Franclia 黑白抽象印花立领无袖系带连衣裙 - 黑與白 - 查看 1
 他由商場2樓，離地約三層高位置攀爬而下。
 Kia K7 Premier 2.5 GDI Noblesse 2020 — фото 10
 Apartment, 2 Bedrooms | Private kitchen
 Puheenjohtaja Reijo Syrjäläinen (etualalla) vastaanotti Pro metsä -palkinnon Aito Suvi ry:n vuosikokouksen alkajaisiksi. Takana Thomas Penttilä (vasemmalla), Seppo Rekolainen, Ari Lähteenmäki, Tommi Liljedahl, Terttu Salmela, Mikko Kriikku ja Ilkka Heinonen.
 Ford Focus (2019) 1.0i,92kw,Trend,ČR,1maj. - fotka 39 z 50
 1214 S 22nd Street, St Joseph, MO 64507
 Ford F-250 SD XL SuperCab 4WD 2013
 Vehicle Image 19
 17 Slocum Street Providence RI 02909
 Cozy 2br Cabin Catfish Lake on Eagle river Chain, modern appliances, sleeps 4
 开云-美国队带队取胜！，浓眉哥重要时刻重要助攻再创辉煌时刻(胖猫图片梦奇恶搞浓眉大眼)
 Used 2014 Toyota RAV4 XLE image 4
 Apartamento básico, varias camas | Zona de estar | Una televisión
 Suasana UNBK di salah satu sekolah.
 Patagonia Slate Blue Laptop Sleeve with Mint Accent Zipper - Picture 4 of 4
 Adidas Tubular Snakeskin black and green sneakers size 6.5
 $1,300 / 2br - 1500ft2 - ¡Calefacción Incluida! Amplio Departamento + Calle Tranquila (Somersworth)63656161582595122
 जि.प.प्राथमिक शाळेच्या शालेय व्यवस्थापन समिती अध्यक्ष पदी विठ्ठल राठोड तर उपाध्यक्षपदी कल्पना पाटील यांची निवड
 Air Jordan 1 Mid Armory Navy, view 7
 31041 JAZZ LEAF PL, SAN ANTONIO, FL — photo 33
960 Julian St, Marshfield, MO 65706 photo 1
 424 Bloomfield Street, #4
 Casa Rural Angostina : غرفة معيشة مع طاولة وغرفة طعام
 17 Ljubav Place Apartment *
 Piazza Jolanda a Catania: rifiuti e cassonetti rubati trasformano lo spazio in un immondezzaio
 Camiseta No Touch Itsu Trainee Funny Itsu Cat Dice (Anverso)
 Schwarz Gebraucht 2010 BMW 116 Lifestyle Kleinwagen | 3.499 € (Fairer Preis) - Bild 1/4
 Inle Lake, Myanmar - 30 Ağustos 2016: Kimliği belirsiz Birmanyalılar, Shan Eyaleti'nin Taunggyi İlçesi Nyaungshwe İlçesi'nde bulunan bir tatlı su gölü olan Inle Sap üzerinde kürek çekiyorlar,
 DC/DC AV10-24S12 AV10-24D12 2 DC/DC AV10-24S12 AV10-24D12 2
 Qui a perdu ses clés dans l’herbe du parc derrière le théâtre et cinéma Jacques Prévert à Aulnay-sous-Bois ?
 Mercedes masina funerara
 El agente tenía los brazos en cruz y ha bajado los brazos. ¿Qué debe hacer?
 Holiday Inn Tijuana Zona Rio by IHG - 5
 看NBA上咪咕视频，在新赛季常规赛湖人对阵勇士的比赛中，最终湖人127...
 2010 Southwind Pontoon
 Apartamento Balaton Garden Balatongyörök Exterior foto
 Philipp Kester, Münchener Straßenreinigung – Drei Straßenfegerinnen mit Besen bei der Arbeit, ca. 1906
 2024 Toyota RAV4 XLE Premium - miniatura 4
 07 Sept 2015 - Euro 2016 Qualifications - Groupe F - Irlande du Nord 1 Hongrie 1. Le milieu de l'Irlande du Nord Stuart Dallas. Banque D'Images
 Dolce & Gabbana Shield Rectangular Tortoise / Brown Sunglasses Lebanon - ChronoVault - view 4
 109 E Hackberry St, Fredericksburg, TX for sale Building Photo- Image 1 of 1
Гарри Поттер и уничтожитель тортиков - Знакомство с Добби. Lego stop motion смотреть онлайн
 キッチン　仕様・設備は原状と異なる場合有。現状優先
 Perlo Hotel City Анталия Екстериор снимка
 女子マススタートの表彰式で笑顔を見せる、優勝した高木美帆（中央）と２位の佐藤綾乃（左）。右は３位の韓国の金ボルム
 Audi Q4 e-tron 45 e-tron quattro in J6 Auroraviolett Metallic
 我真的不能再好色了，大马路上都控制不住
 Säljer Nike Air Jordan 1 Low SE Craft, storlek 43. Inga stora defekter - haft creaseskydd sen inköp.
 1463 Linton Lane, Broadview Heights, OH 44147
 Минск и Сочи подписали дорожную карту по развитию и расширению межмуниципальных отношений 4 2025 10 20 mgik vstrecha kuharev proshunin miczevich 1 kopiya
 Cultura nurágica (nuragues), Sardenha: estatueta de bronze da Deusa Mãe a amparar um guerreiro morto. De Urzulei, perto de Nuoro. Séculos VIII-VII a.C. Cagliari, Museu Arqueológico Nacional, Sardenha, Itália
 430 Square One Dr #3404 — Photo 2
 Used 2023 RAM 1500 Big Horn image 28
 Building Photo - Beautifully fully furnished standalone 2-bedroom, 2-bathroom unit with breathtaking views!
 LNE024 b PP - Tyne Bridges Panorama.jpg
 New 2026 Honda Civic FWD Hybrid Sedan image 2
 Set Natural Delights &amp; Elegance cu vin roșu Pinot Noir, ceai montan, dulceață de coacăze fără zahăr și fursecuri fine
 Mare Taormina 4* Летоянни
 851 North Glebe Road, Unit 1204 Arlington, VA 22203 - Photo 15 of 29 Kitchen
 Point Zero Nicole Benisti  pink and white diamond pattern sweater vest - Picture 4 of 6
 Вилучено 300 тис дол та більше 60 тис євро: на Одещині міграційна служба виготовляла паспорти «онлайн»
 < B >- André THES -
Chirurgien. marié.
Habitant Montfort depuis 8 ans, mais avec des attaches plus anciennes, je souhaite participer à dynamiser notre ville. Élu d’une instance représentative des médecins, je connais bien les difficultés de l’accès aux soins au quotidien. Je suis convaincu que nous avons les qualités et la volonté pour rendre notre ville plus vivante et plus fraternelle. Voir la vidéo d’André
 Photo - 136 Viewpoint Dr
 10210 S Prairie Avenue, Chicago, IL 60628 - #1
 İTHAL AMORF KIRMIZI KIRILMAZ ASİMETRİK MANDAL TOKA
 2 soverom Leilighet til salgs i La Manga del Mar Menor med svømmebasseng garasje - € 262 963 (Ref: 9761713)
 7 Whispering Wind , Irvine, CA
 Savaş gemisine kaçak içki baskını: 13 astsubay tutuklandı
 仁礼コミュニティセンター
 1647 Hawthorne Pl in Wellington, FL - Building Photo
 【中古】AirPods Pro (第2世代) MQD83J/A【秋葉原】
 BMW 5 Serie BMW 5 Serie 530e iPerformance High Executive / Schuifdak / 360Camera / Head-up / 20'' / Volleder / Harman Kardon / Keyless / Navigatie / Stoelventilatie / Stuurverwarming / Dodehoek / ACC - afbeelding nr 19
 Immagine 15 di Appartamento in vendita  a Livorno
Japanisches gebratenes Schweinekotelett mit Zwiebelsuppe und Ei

PROBLEM DETAILS: Look over the records. Copy the lines that include the word "Apartment".

EXERCISE SOLUTION:
 Apartment, 2 Bedrooms | Private kitchen
 17 Ljubav Place Apartment *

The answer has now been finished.